Input data
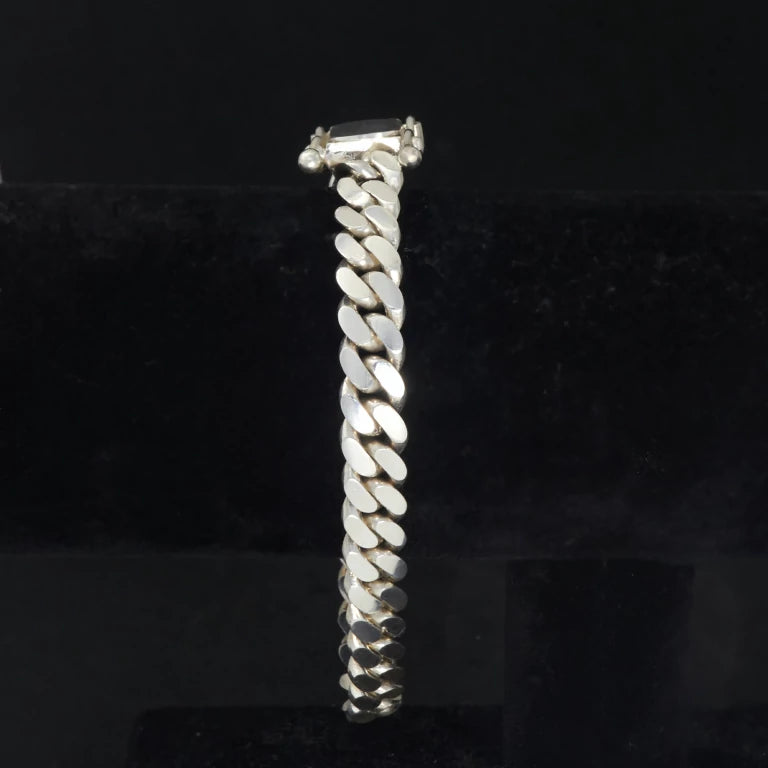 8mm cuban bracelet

...

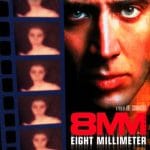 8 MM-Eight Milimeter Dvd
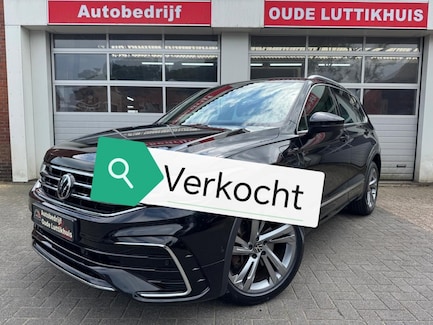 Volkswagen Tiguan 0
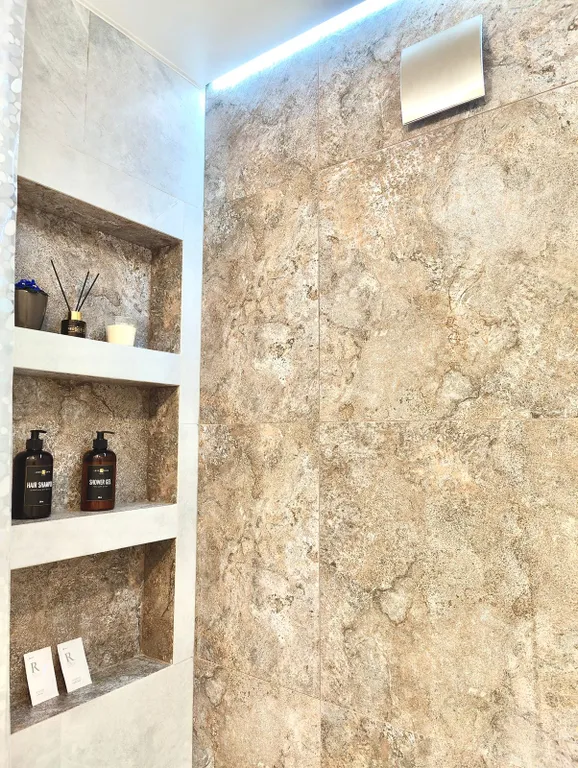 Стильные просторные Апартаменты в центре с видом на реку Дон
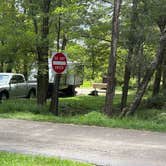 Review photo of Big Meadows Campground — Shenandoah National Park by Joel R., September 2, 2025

Problem details
Go to the line above that contains "Volkswagen Tiguan 0" and reproduce everything exactly from there through the line that contains "Review photo of", leaving out the pictures.

Answer for the task
 Volkswagen Tiguan 0
 Стильные просторные Апартаменты в центре с видом на реку Дон
 Review photo of Big Meadows Campground — Shenandoah National Park by Joel R., September 2, 2025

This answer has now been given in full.